Surin Suriyawong, Sadao district chief, said this was the first group to enter the country via the Sadao crossing since it was closed in early 2020 due to Covid-19.
The other border checkpoint to be opened in the South on Friday was Wang Prachan in Satun province. These checkpoints were opened as part of the Centre for Covid-19 Situation Administration (CCSA) pilot project that allows foreigners to enter via land through the Thailand Pass system.
Surin said the 107 to cross via Sadao were Thai and Malaysian businesspeople who had registered on the Thailand Pass website.
This checkpoint has been closed to foreigners for the past two years, allowing only a handful of Thais to cross over from Malaysia on Mondays, Wednesdays and Fridays.
The arrival of the first group coincided with Malaysia’s announcement of Covid as endemic disease on April 1.
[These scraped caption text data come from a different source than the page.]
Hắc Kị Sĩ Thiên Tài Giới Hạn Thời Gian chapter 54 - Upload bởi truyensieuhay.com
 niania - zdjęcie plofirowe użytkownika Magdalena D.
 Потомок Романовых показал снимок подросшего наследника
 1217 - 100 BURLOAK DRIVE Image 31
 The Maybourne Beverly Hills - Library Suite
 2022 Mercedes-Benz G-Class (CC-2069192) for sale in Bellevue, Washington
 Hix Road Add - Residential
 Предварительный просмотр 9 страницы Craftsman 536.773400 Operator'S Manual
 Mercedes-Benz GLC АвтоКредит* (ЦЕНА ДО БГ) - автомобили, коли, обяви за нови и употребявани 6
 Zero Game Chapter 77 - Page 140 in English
However, the Sadao district chief said tourists found the border-crossing process slow because the procedures in Thailand and Malaysia were different.
On the Thai side, tourists have to take an RT-PCR test upon arrival and wait four to six hours for results by checking into an SHA Plus hotel. The district has seven hotels that meet the SHA Plus standard, Surin added.
Sofia Toh-ahlem, the owner of a foreign-exchange shop, said she opened her shop on Friday now that the border checkpoint has reopened.
“This reopening is a tangible light at the end of the tunnel and gives hope to tourism operators again,” she said. “Though there aren’t many tourists yet, I believe when Malaysia opens its borders, more will come.”
Aiyada Ujeh, president of the Haral Thai and Asean Tourism Association, said she has spoken to some 40 tourism operators in Malaysia and learned that they are waiting for Thailand to further reduce its restrictions before organising more tours in Thailand. Aiyada reckons tourists are staying away because the restrictions make travelling to Thailand expensive, and hopes the situation would improve soon.